The Triumph of Rubens

When we think Rubens, we think sensual, fleshy bodies. Yet he was also a scholar and diplomat. An “all-encompassing interest” in the art of antiquity links what otherwise might seem divergent. He admired ancient sculptures and their buff bodies. Alluding to their mythologies in his own art made him seem learned, accomplished. But his exuberant re-working of those ideas makes his work truly his own, “part of his narrative, part of the expression that he’s bringing to these ideas.’

26th October 2021

Hans Holbein’s Portraits Defined—and Immortalized—Tudor England’s Elite

Holbein the Younger lived through the charged politics of the Protestant Reformation. As the leading painter in Henry VIII’s Tudor court, a balanced deference was required to both Church and State. His most famous works, portraits of the court’s members, are masterful character studies, full of symbolism and psychological insight. They were also a balancing act – flattery versus truth, professional identity versus the person. Says one writer, Holbein was a “political artist to the tip of his brush”.

Suzanne Valadon: Model, Painter, Rebel at the Barnes Foundation

In the late 19th century, artist’s models were not taken too seriously. Valadon overcame this prejudice – and her working-class background – to become a notable realist painter. Her modern appeal comes from her psychologically insightful portrayal of people – often women – as capable individuals, rather than passive figures. She revealed the domestic realm, says one critic, “beyond the expectations of bourgeois propriety … [an explorer] of interior space”.

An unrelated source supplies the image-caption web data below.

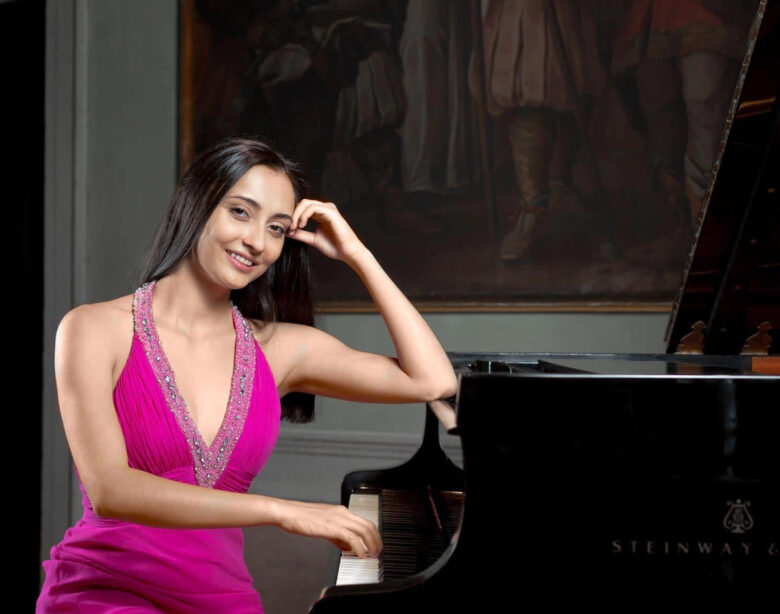 Claudia Vento-Pianista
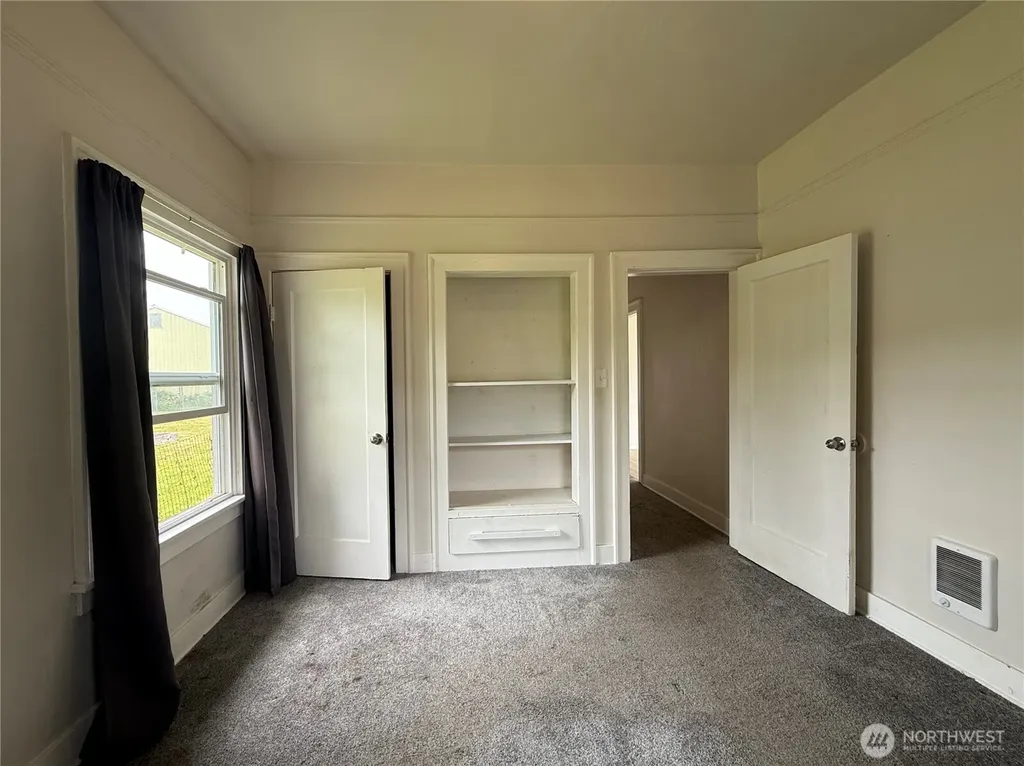 519 28th Street Hoquiam WA 98550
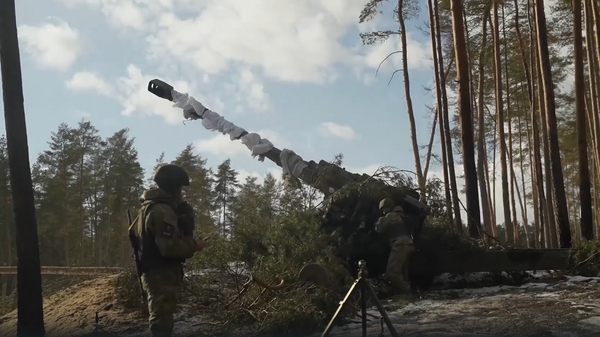 Боевая работа расчетов артиллерийских установок 2А65 Мста-Б - Sputnik Литва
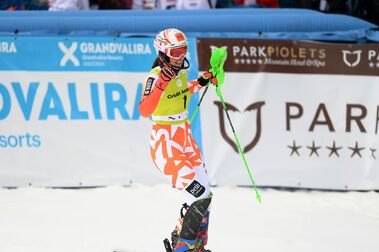 Petra Vlhova se queda el último slalom de la temporada de Copa del Mundo de esquí
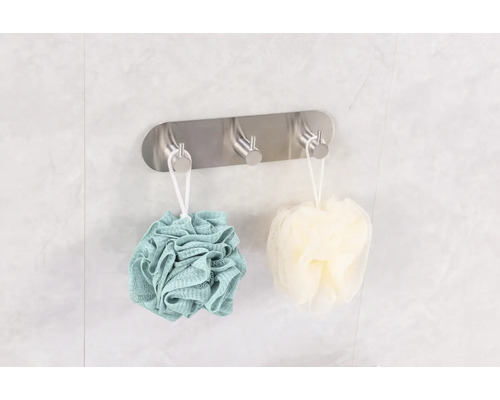 Handdukshängare med tre krokar och badsvampar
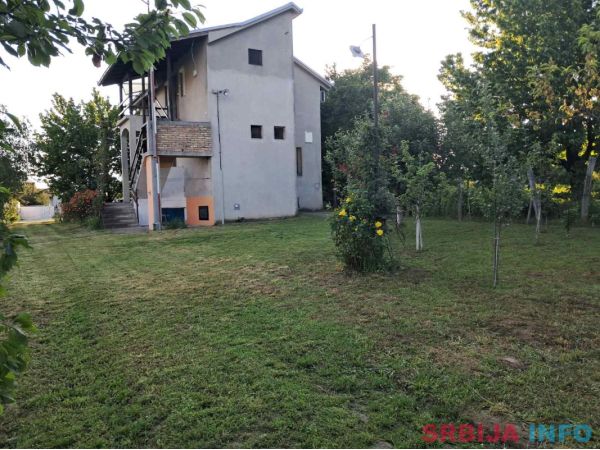 Vikendica na Fru&scaron;koj gori, 156m2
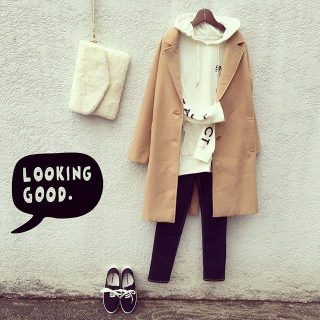 今年のパーカーにトレンドの袖ロゴのデザインが登場❤　スポーツMixなコーデにぴったりです😍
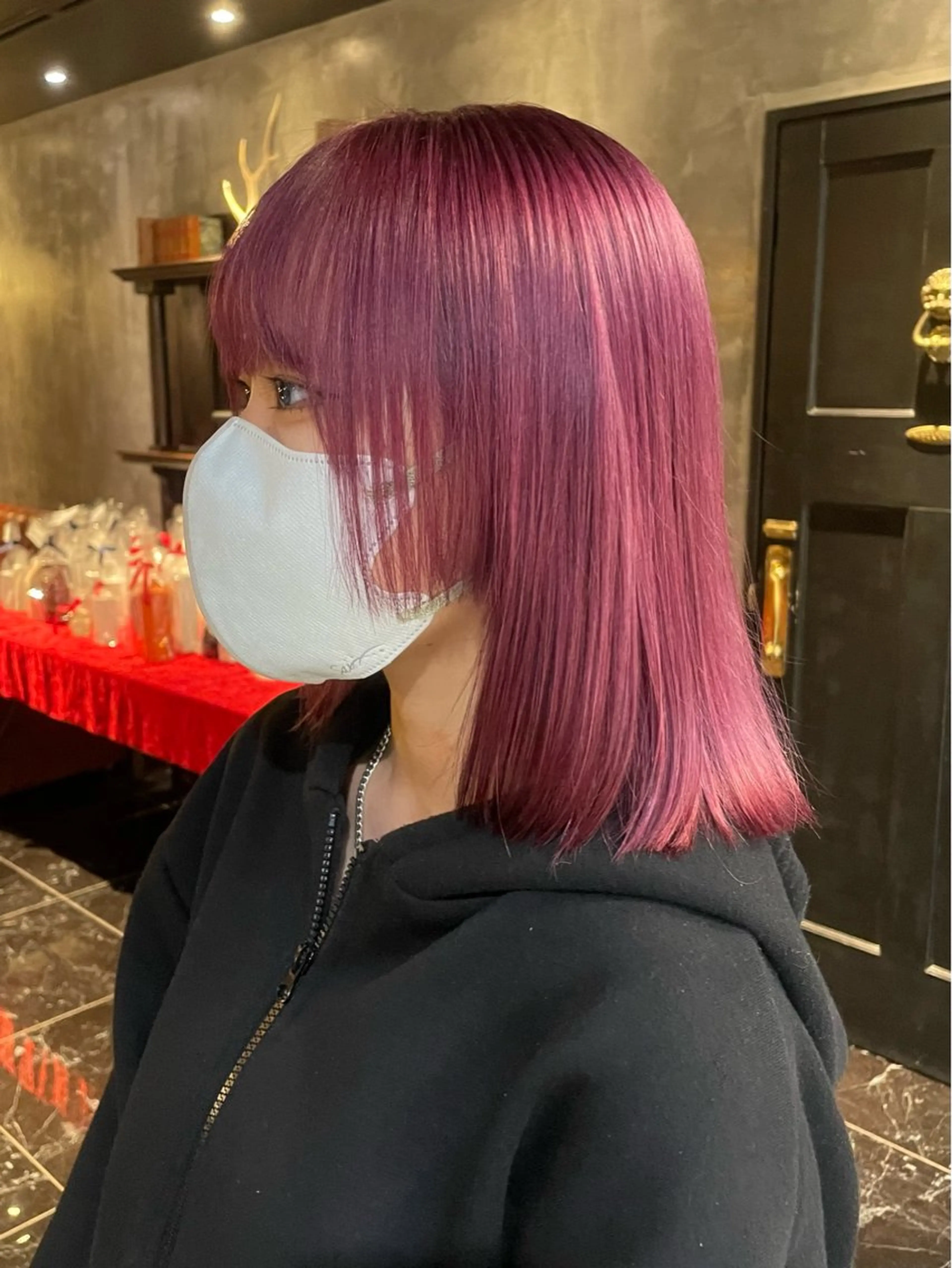 ミディアム カラー パーマ ヘアアレンジ レイヤー/ 透明感カラー/マドカのヘアスタイル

Sword fights on canvas: Georges Mathieu at Perrotin and Nahmad Contemporary

Postwar European abstraction leaned toward the geometric which didn’t enthuse Mathieu. Visiting New York, he met Pollock and others who, like himself, were exploring gestural abstraction. Thus encouraged, Mathieu built his career on flamboyant gestural paintings, executed at top speed. A revealed liking for painting for an audience did not enhance his reputation. Neither does it diminish his role in pioneering a European expression of “testosterone-driven, postwar angst”.